EXERCISE DIRECTIONS =
From the data below, return only the lines from the one with "Let's talk about" through the one with "Now we're getting", exact and inclusive, with pictures left out.

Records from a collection
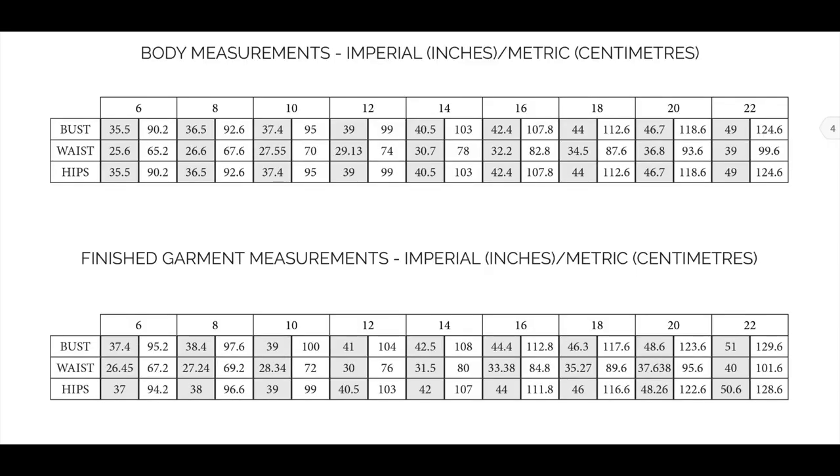First things first, this comes in a size 6 to 22. The waist goes from 25.6 inches to 39 inches and the hips is from 35 and a half inches to 49 inches.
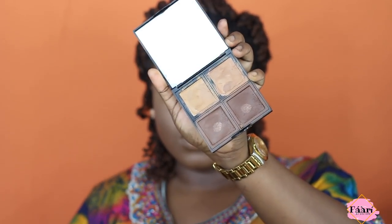I bring the concealer to the side of my nose a bit — it helps to slim your nose. It kind of cuts out that part and makes it seem like it's part of your under-eye, so your nose has a slimmer effect. See how it looks well blended — no craziness.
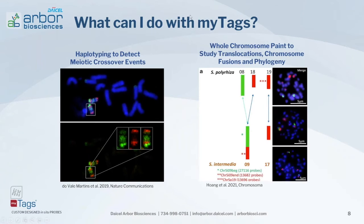Within the research arena, MiTAGs support haplotyping to detect specific chromosome painting in maize, used to monitor meiotic crossover events and study genetic diversity across species. MiTAGs can also be used for chromosome painting applications to analyze translocations and chromosome rearrangements between species — for example, studying different fusions and phylogeny analysis within species of duckweed.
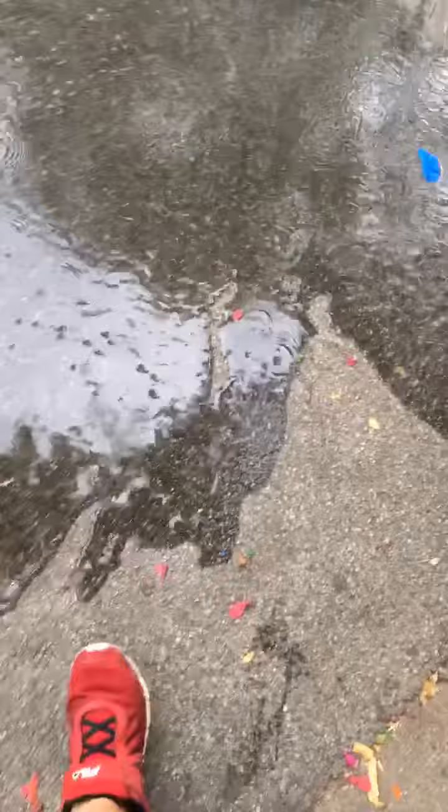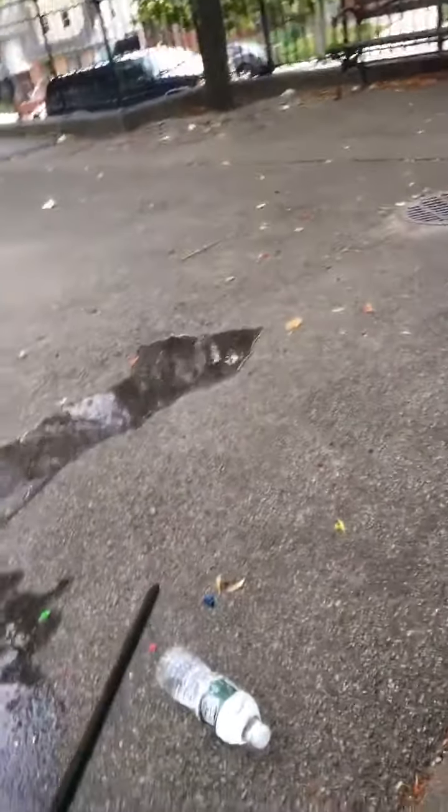Oh my goodness — look at that! That's just from one water balloon. Look at here, all the way to here. It literally couldn't pop until I just did that!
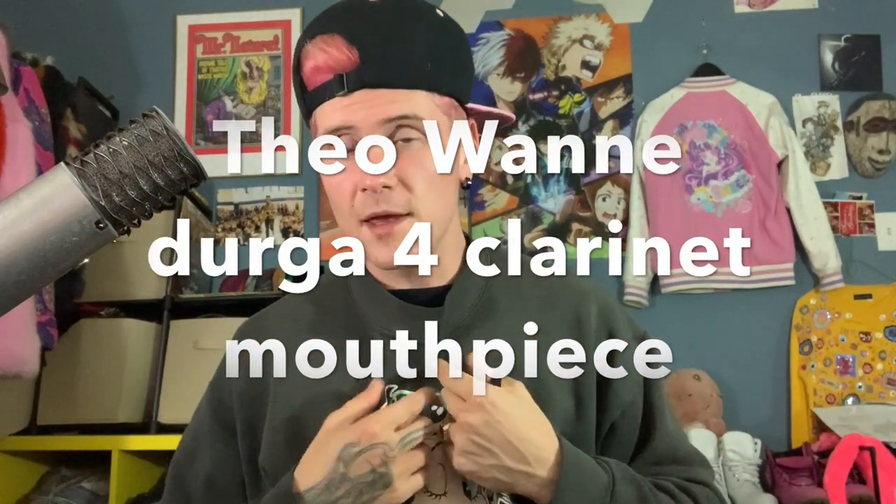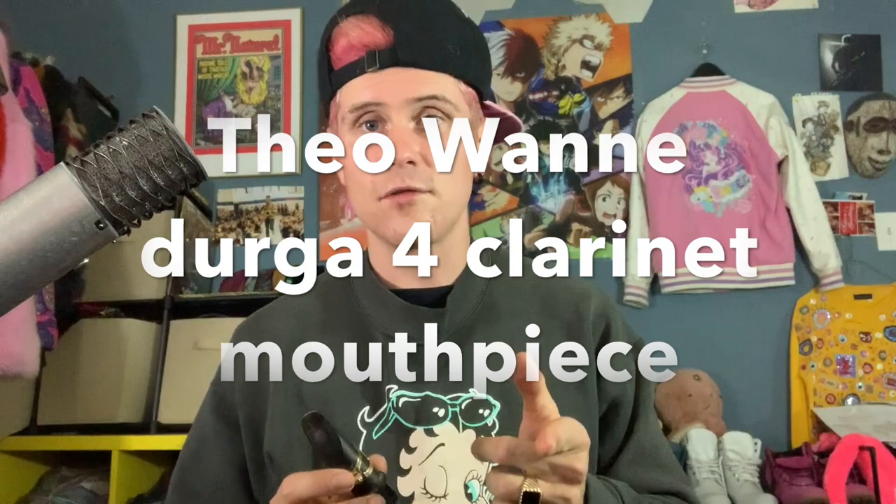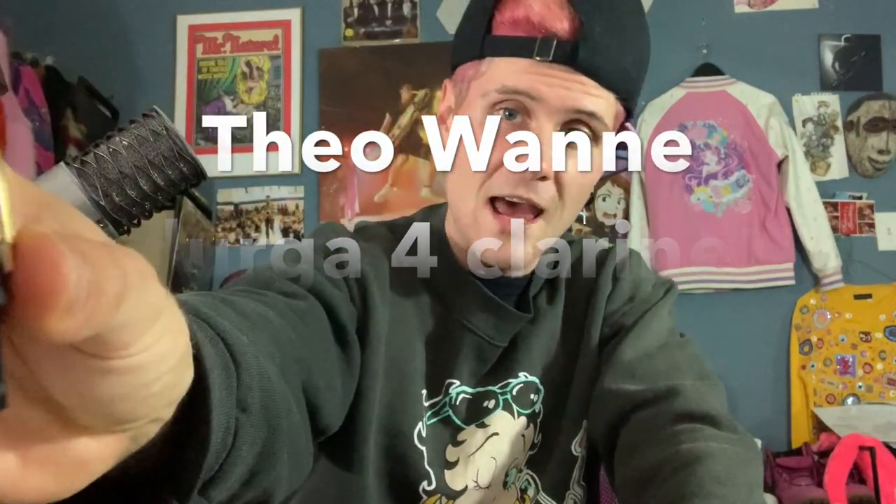Hey everybody, I'm Leo P and I'm here to review the brand new Theawani Durga 4 clarinet mouthpiece. The first thing I notice about it is there's no cork at the bottom like a normal clarinet mouthpiece, but it fits right into the barrel just as easy. Works really well.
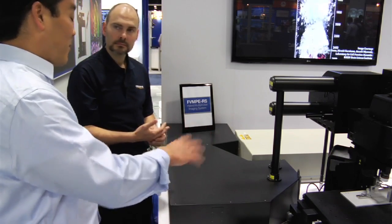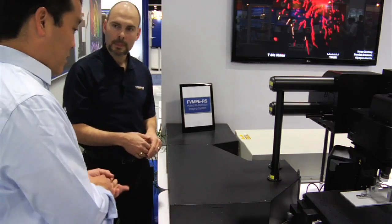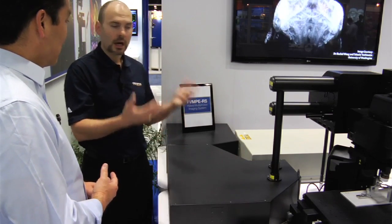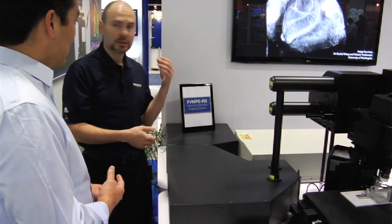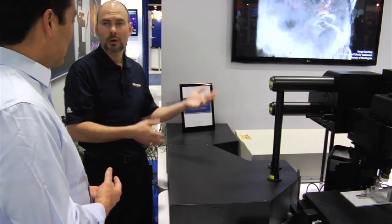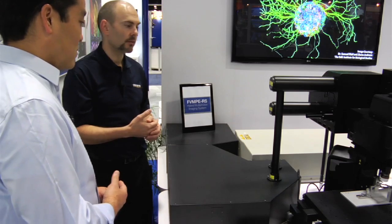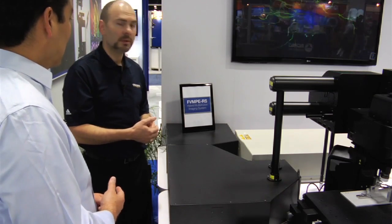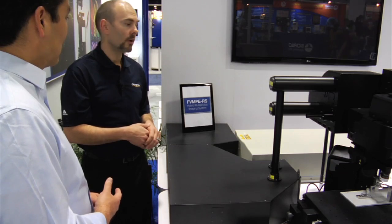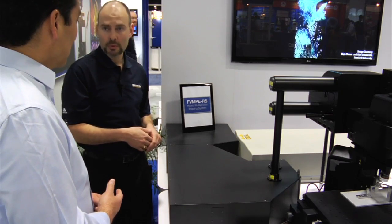Let's talk about some of the other developments with this microscope — I know you were talking about the objectives and some of the new objectives coming online. We've been very proud of our Scale View objectives — the long working distance, high numerical aperture objectives. We've really been a pioneer in that field. From a 2mm working distance 25x objective with a very high numerical aperture, we also have a 4mm working distance objective, which works with water, Scale View, or ACSF, and also an 8mm Scale View objective. Some new clearing techniques have come out recently and we're going to be introducing lenses that match those refractive indices — CDB from Riken and the new Clarity technique from the Deisseroth lab. We have lenses at both 25x and 10x magnifications that can handle both of those refractive indices.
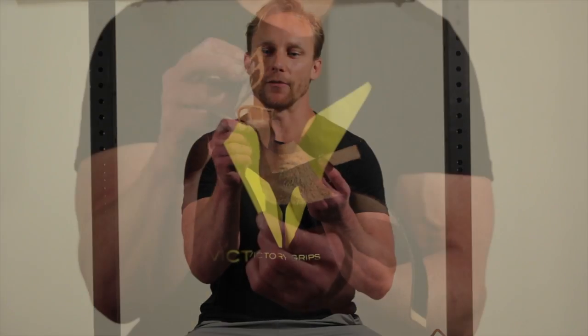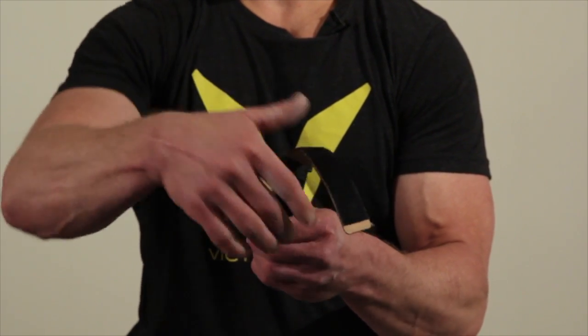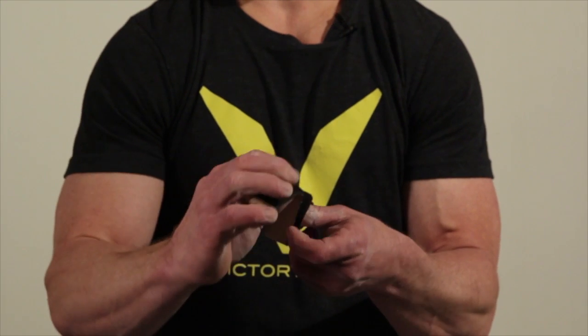A good way to store your grips so they maintain shape and fit easily in your gym bag is to take the fold, just fold it back, fold it once back over and into the wrist strap, and then secure the wrist strap over it. It fits nice and tight, maintains a nice little ball, and fits easily in your gym bag.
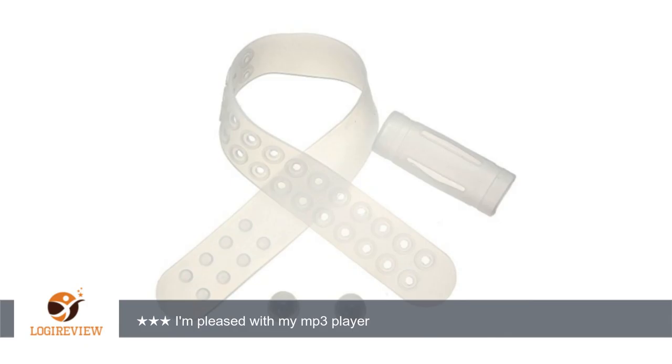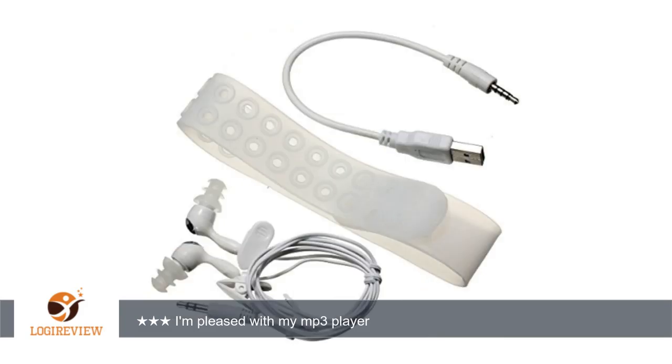For the MP3 player itself, I like how fast it charges and the battery lasts pretty long. There is no fast forward or rewind option, only skip forward or backward.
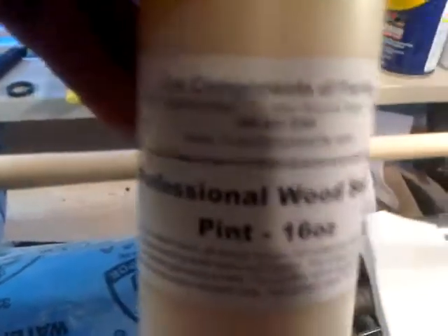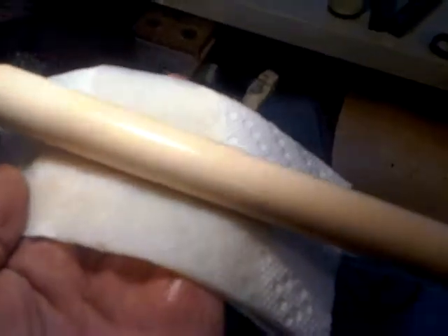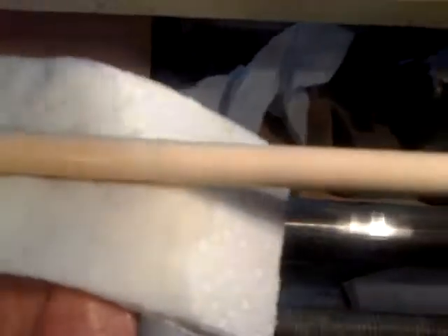Now we're getting a coat of wood sealer on this. After the denatured alcohol — use denatured alcohol because it has very little water in it so it doesn't raise the grain.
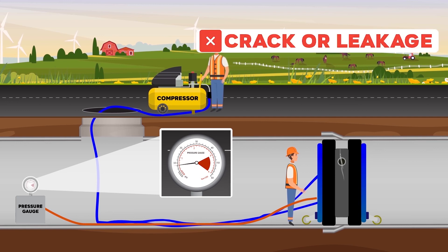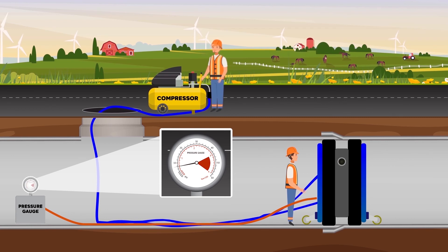But if the system pressure decreases, it means there is a crack in the pipeline. When the test is completed, the joint tester is deflated and displaced from the pipeline.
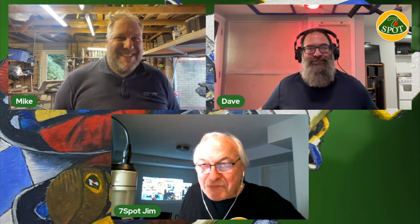The host wraps up the session, asking everyone to stay online while the stream uploads to the servers. He'll send each participant a copy via Dropbox. Everyone says their goodbyes and signs off.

RESPONSE BELOW =
Let's talk about some of the other developments with this microscope — I know you were talking about the objectives and some of the new objectives coming online. We've been very proud of our Scale View objectives — the long working distance, high numerical aperture objectives. We've really been a pioneer in that field. From a 2mm working distance 25x objective with a very high numerical aperture, we also have a 4mm working distance objective, which works with water, Scale View, or ACSF, and also an 8mm Scale View objective. Some new clearing techniques have come out recently and we're going to be introducing lenses that match those refractive indices — CDB from Riken and the new Clarity technique from the Deisseroth lab. We have lenses at both 25x and 10x magnifications that can handle both of those refractive indices.
A good way to store your grips so they maintain shape and fit easily in your gym bag is to take the fold, just fold it back, fold it once back over and into the wrist strap, and then secure the wrist strap over it. It fits nice and tight, maintains a nice little ball, and fits easily in your gym bag.
For the MP3 player itself, I like how fast it charges and the battery lasts pretty long. There is no fast forward or rewind option, only skip forward or backward.
Now we're getting a coat of wood sealer on this. After the denatured alcohol — use denatured alcohol because it has very little water in it so it doesn't raise the grain.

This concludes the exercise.